» HOW TO COMPLETE THIS TASK:
Transcribe only the lines of the listing below from the one holding "SELECTIVE SPHINGOSINE 1" through the one holding "Lustra metal auriu", inclusive, without any change.
━━━━━━━━━━━━━━━━━━━━
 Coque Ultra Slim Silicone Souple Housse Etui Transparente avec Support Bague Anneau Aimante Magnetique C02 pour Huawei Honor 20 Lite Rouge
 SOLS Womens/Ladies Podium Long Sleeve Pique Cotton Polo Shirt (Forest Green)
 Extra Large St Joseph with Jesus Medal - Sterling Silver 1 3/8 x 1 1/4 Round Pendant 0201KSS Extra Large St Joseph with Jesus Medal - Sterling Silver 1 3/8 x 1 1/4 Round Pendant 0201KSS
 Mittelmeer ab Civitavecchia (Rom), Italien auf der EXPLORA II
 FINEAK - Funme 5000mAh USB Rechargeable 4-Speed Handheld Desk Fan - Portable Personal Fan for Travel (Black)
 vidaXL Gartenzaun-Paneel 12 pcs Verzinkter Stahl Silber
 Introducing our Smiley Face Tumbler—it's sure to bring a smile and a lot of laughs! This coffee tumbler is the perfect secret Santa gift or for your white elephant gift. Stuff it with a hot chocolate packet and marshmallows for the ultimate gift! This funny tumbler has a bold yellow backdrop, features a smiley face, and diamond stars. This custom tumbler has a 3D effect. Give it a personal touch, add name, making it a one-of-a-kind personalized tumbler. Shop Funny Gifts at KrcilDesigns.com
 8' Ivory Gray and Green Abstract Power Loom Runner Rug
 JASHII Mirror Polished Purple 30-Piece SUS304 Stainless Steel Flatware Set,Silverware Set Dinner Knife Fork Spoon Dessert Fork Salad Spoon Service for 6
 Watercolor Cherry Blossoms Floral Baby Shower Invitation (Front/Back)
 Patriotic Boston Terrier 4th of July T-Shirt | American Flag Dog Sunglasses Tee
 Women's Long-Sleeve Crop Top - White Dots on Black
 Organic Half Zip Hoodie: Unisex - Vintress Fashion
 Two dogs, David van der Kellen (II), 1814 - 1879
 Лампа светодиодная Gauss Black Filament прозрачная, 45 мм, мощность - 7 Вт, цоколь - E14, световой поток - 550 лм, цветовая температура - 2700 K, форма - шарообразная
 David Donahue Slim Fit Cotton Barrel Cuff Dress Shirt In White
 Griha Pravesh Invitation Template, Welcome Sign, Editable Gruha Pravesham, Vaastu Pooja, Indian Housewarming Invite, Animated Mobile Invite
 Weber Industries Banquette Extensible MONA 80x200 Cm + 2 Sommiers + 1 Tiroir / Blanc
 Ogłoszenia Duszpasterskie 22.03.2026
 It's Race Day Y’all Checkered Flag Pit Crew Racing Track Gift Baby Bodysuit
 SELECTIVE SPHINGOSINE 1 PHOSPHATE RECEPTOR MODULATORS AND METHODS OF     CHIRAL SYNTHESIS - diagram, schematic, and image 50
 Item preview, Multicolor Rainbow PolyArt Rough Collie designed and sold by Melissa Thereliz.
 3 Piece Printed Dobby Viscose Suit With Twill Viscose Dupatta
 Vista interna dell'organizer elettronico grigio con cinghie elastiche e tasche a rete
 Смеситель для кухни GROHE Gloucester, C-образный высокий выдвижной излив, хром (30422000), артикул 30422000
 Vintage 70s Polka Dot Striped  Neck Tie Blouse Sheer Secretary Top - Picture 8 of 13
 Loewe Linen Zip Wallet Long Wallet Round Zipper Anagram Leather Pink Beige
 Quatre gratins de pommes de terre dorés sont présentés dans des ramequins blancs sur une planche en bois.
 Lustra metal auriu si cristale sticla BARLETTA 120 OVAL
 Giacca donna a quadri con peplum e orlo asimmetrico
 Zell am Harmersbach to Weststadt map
━━━━━━━━━━━━━━━━━━━━
» RESPONSE:
 SELECTIVE SPHINGOSINE 1 PHOSPHATE RECEPTOR MODULATORS AND METHODS OF     CHIRAL SYNTHESIS - diagram, schematic, and image 50
 Item preview, Multicolor Rainbow PolyArt Rough Collie designed and sold by Melissa Thereliz.
 3 Piece Printed Dobby Viscose Suit With Twill Viscose Dupatta
 Vista interna dell'organizer elettronico grigio con cinghie elastiche e tasche a rete
 Смеситель для кухни GROHE Gloucester, C-образный высокий выдвижной излив, хром (30422000), артикул 30422000
 Vintage 70s Polka Dot Striped  Neck Tie Blouse Sheer Secretary Top - Picture 8 of 13
 Loewe Linen Zip Wallet Long Wallet Round Zipper Anagram Leather Pink Beige
 Quatre gratins de pommes de terre dorés sont présentés dans des ramequins blancs sur une planche en bois.
 Lustra metal auriu si cristale sticla BARLETTA 120 OVAL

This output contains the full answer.